Your next step is to talk to people. It can be scary to "network" if you are not used to doing it, so we recommend that you Google some networking tips online. If you are an introverted person, it is a good idea to add that to your search query as well.
- Networking is very much a numbers game. You want to start conversations with as many people as you can. Some conversations will be awkward, some will be great. You have nothing to lose when you approach someone. Most people are at the GDC to network and are open to talking to strangers.
- Your goal for networking is to build professional relationships, and this is easier with some people than with others. If you happen to meet someone who is unfriendly to you, then just go talk to someone else and do not take it personally. It happens to everyone, and it is certainly not the end of the world. Do not let it get to you. Simply move on.
Don't overthink your opening. There are hundreds of ways to start a conversation with someone. Introducing yourself is an easy way to do it. Asking someone to play a game you made is another one. Commenting on their shirt, the event, a speaker, the weather, etc. are all good ways. It honestly does not matter much what you say or how you say it. Just pretend that you have known the person that you just met for years, and start with a little bit of small talk.
As soon as you have made the introduction, ask them open questions (i.e., questions that start with 'why', 'how', 'what', 'describe', 'tell me about', or 'what do you think about' and that require people to share an opinion or a meaningful story.) For example:
- What project are you working on right now?
- How would you describe the atmosphere in the company you are working for?
If the person seems to be unwilling to talk with you, you can always try to follow up with a closed question before trying with an open question again. For example:
- Q: How are you liking the conference? (Open question)
- A: It's all right.
- Q: Ok, well then... what was the best talk you saw so far? (Closed)

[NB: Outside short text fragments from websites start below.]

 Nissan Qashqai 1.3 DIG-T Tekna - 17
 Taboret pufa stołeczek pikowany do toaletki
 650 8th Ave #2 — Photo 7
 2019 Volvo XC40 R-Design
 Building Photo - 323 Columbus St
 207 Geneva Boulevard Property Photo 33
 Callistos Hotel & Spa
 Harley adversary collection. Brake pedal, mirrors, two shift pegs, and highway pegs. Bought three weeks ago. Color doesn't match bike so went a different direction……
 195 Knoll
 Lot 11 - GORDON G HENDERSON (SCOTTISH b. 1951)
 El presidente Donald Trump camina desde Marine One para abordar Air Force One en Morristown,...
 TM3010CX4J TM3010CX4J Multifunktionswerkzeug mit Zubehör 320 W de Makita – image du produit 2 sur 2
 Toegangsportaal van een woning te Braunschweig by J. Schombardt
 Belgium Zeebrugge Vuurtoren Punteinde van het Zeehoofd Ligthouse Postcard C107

- A: Ken Levine's talk was pretty cool.
- Q: Oh, I loved Bioshock! What did you like about his talk? (Open)
Remember that your goal is to build up a professional relationship. You are looking to establish a sense of camaraderie, communality or kinship between you and your conversation partner. From there, you can work towards building trust and collaborations.
Once you feel that the conversation is over, exchange some form of contact information, whether it is a business card, Twitter handle, or an email address. There is no point in playing the networking game if you are not going to stay in touch.
After the conference, go through all the business cards you accumulated and send a nice, short email to the people you would like to know better. Some lines you could put in there are:
- I had fun talking to you.
- Let me know if I can help with X or Y.